Exercise objective → Where does the string "City" appear in the records? Copy each line that holds it.

Input for this task →
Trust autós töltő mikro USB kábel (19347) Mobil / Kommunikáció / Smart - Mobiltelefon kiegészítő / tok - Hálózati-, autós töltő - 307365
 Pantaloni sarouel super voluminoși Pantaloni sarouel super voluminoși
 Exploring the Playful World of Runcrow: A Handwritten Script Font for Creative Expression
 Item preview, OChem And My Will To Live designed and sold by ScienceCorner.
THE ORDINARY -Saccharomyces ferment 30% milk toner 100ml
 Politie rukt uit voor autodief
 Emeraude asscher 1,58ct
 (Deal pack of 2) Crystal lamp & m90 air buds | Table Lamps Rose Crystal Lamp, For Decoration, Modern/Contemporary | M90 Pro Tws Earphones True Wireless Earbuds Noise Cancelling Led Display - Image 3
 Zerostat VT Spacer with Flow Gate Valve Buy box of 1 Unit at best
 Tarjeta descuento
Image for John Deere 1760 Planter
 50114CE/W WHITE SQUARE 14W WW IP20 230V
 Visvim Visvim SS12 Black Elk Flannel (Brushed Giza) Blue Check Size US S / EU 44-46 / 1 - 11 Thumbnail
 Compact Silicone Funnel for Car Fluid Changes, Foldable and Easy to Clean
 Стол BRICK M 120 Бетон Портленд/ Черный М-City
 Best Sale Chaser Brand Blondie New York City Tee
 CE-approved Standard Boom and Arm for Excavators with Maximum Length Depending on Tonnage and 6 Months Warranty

Solution for this exercise →
 Стол BRICK M 120 Бетон Портленд/ Черный М-City
 Best Sale Chaser Brand Blondie New York City Tee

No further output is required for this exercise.